Records provided >>
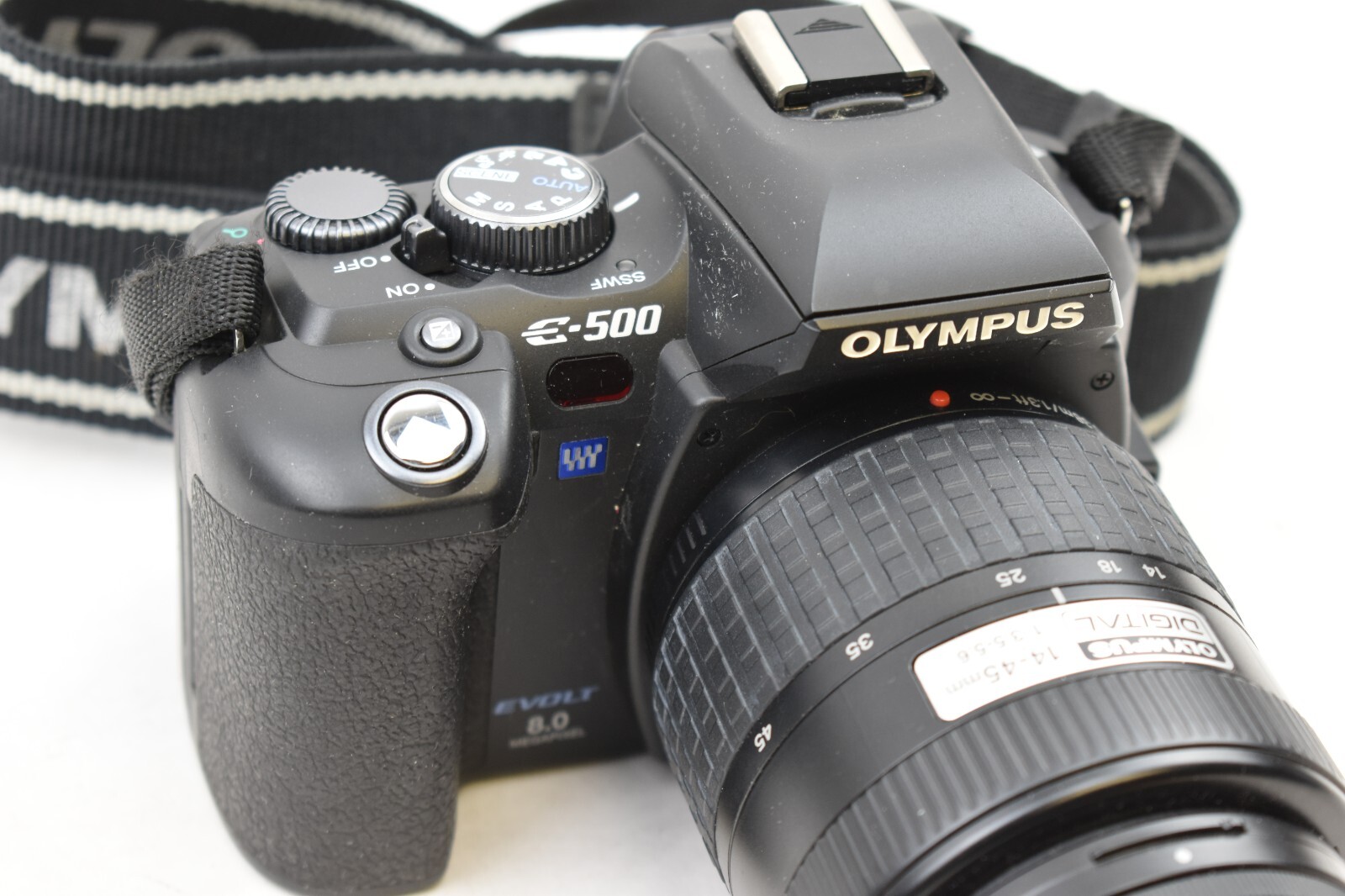Olympus E500 8MP Digital SLR Camera w/ 1445mm 13.55.6 Lens READ DESC
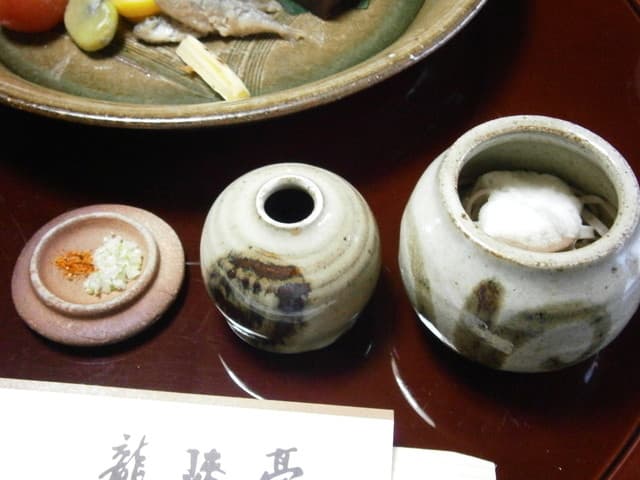 絶景の宿　龍峡亭 - 凌ぎ　薬味を取ると蕎麦の中にとりもつとすり芋が掛かる
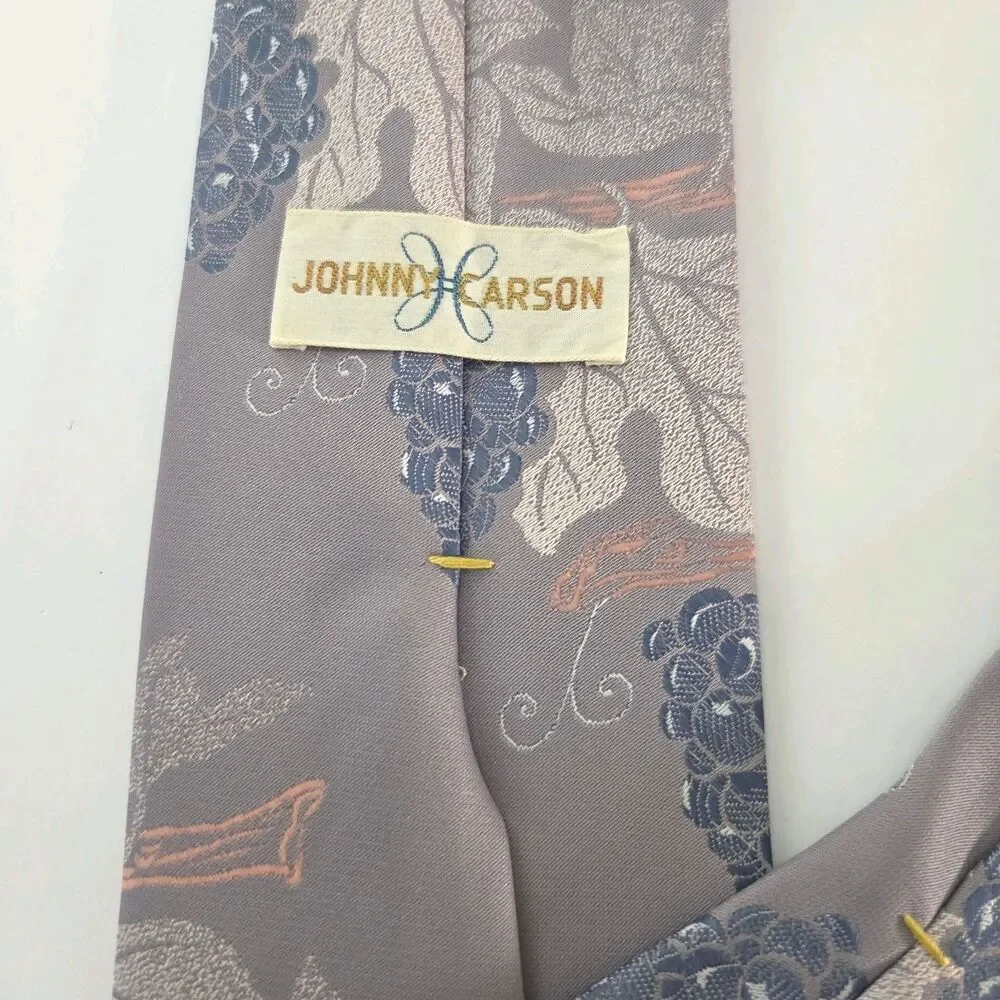 VTG Johnny Carson Tie Mens Grapes Wine Vineyard Gray Polyester Dress Tie Purple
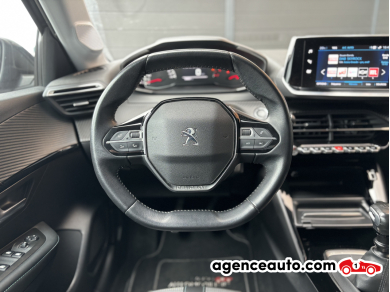 Peugeot 208 — 10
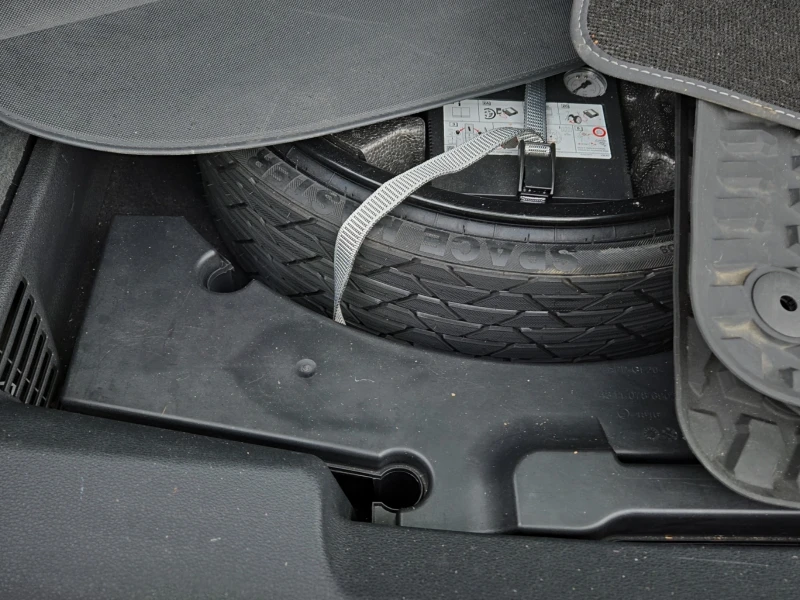 Audi Q8 * CARFAX * БЕЗ ПЪРВОНАЧАЛНА ВНОСКА, снимка 12 - Автомобили и джипове - 52855752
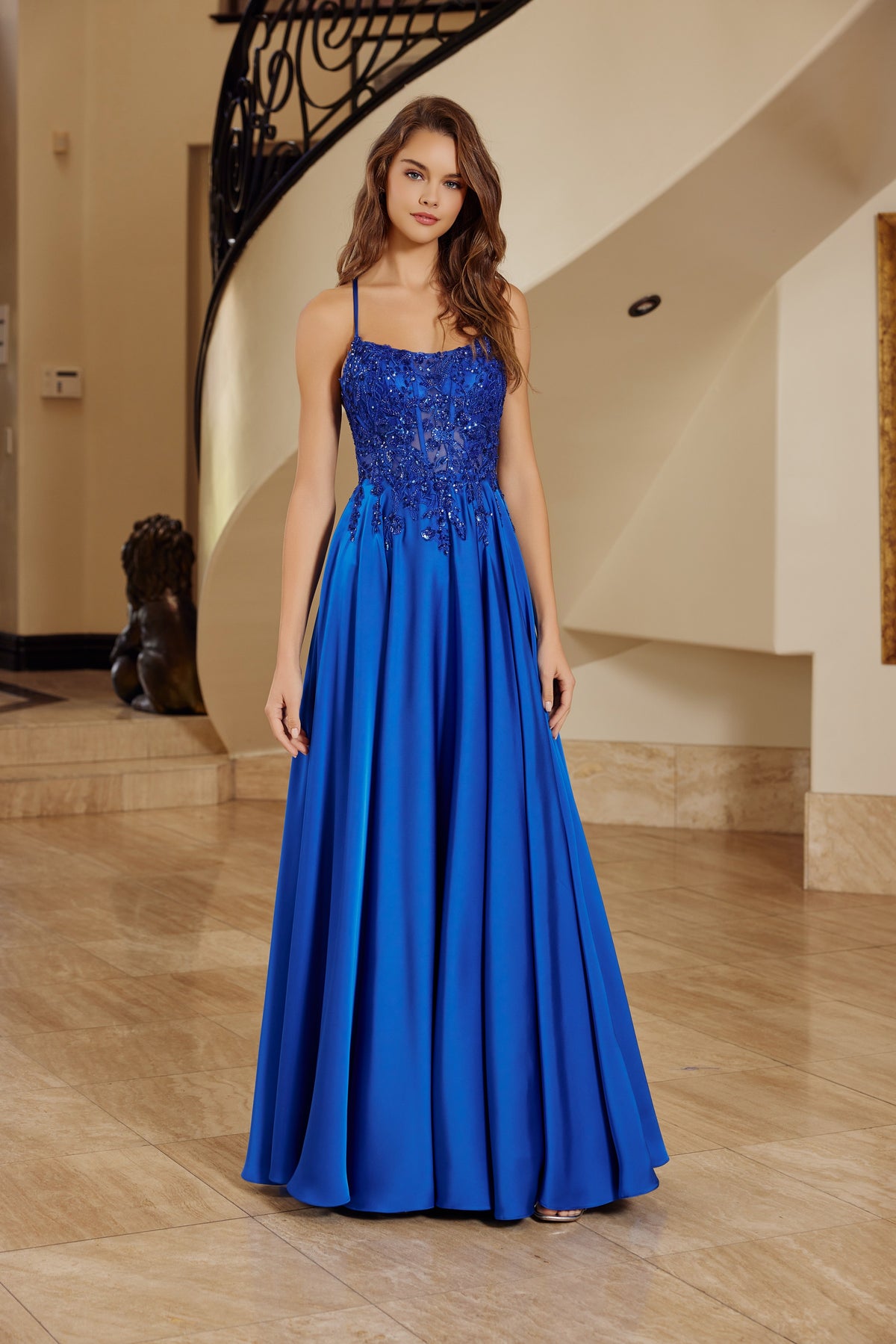 A1725 Stylish Bodice Long Lace-Up Dress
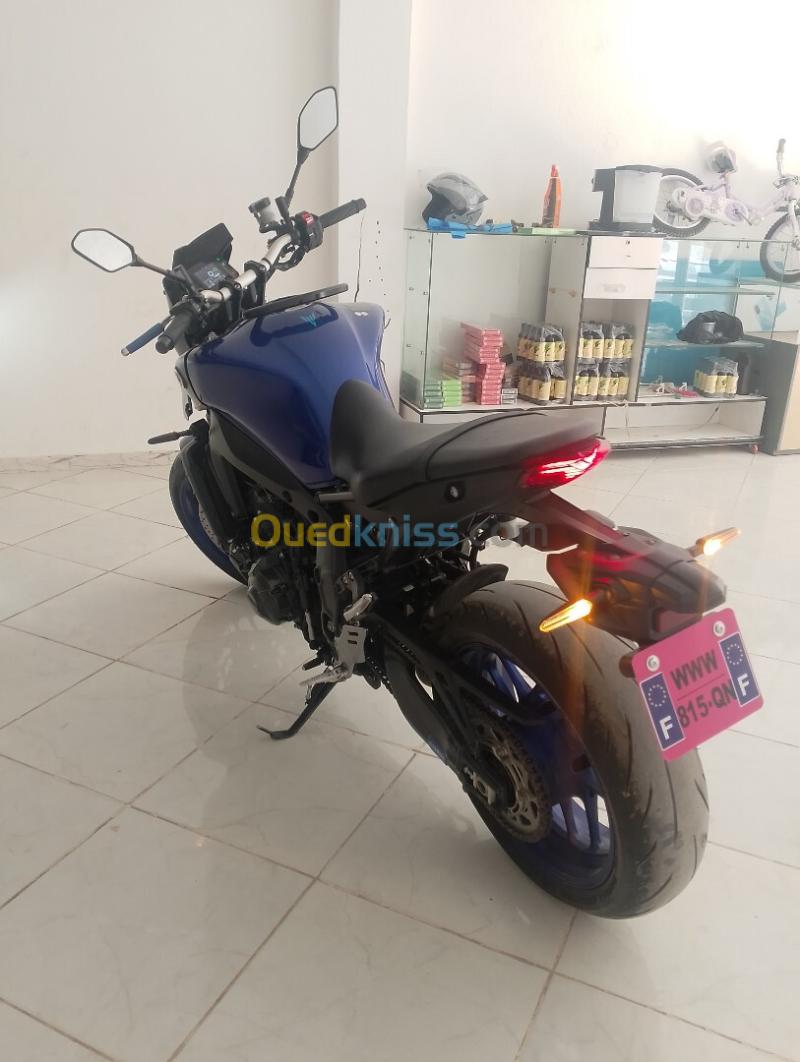 mt09 yamaha 2023 9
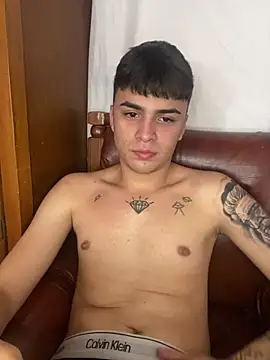 Snapshot of corey_tylerr chatting on January 2025 07:37:01 PM corey tylerr online show from January 2025 07:37:01 PM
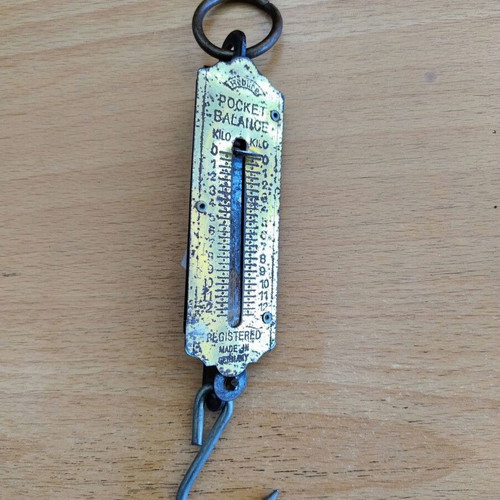 Antique scale K10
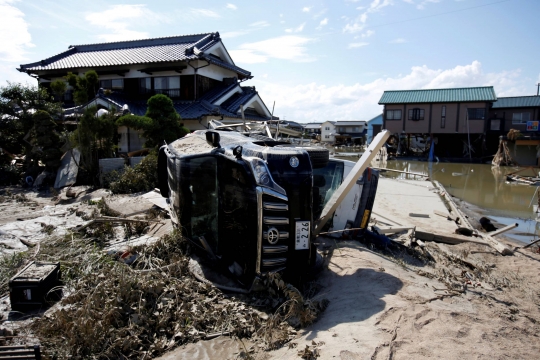 Porak-poranda Jepang usai diterjang banjir yang tewaskan ratusan orang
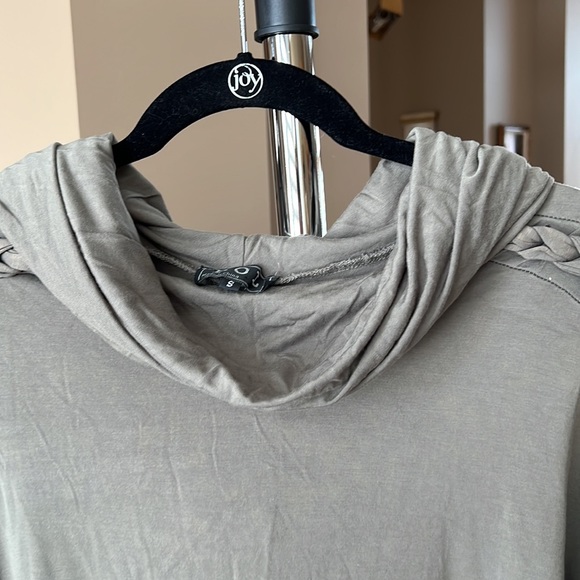 POL Poncho - Picture 3 of 9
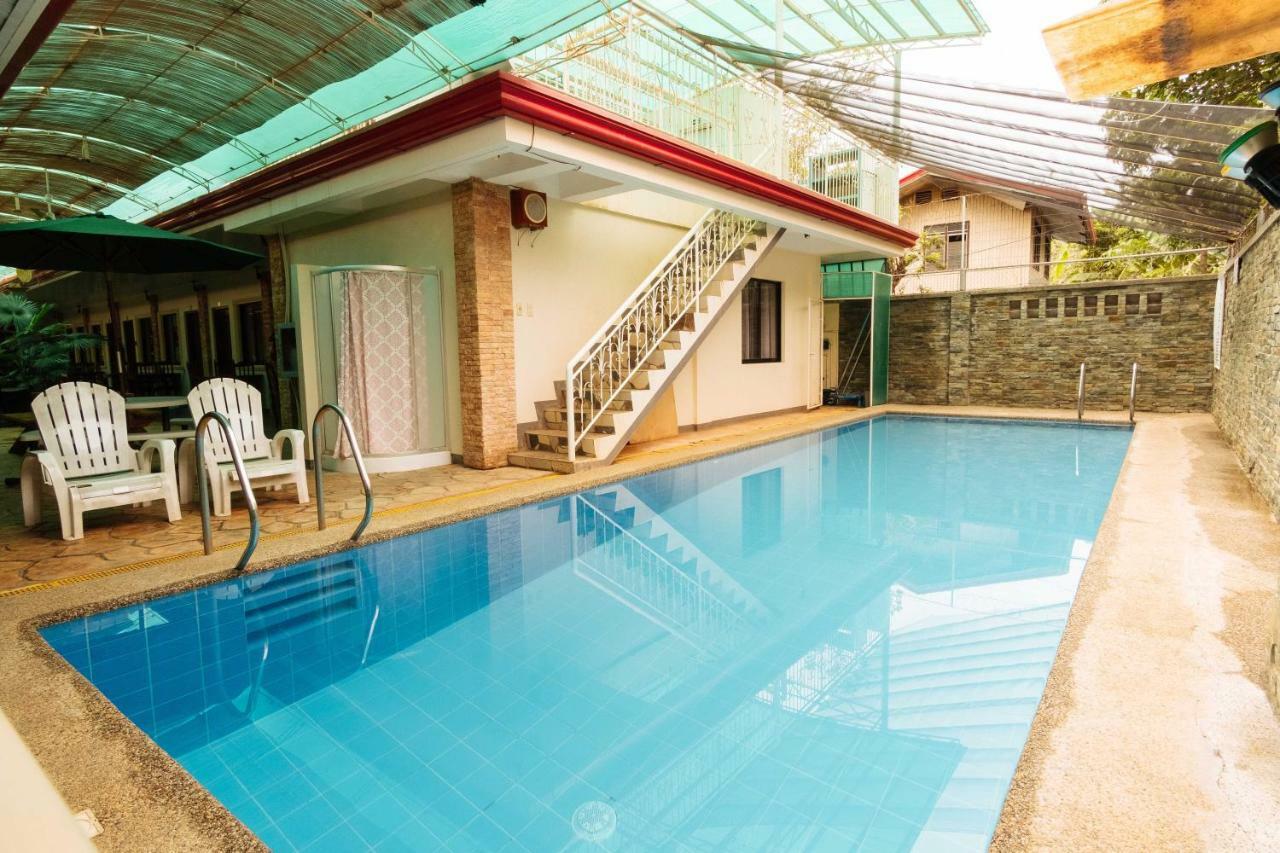 Reddoorz Premium Near Pristine Beach Puerto Princesa Екстер'єр фото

Directions >>
The entries above are to be restated verbatim, with no pictures carried over.

Output >>
Olympus E500 8MP Digital SLR Camera w/ 1445mm 13.55.6 Lens READ DESC
 絶景の宿　龍峡亭 - 凌ぎ　薬味を取ると蕎麦の中にとりもつとすり芋が掛かる
 VTG Johnny Carson Tie Mens Grapes Wine Vineyard Gray Polyester Dress Tie Purple
 Peugeot 208 — 10
 Audi Q8 * CARFAX * БЕЗ ПЪРВОНАЧАЛНА ВНОСКА, снимка 12 - Автомобили и джипове - 52855752
 A1725 Stylish Bodice Long Lace-Up Dress
 mt09 yamaha 2023 9
 Snapshot of corey_tylerr chatting on January 2025 07:37:01 PM corey tylerr online show from January 2025 07:37:01 PM
 Antique scale K10
 Porak-poranda Jepang usai diterjang banjir yang tewaskan ratusan orang
 POL Poncho - Picture 3 of 9
 Reddoorz Premium Near Pristine Beach Puerto Princesa Екстер'єр фото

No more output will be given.